• Given information:
* * * * * * *

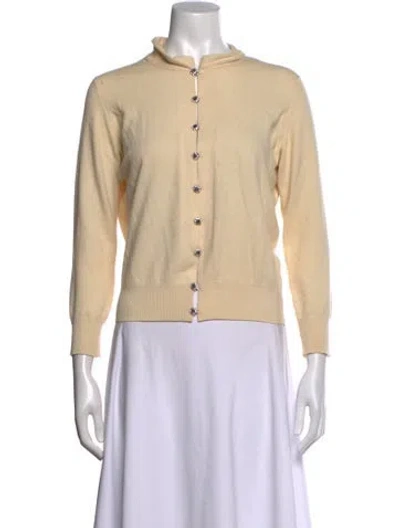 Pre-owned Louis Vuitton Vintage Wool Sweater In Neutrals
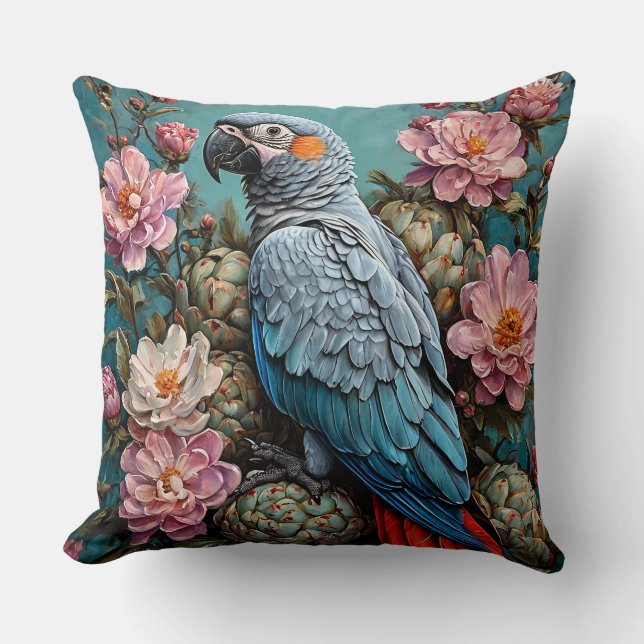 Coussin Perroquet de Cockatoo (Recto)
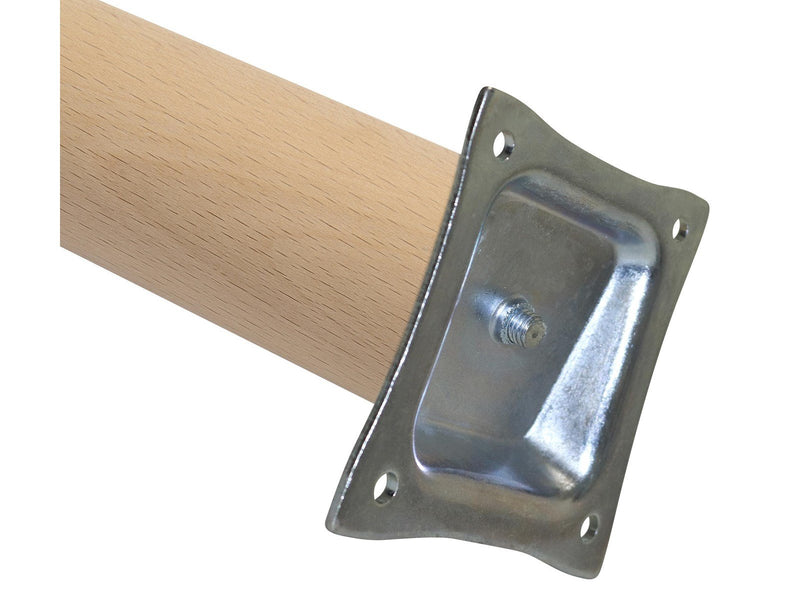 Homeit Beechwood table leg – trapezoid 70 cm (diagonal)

* * * * * * *

• Task requirements: The full material above must be output verbatim, minus any pictures.

• Exercise answer:
 Pre-owned Louis Vuitton Vintage Wool Sweater In Neutrals
 Coussin Perroquet de Cockatoo (Recto)
 Homeit Beechwood table leg – trapezoid 70 cm (diagonal)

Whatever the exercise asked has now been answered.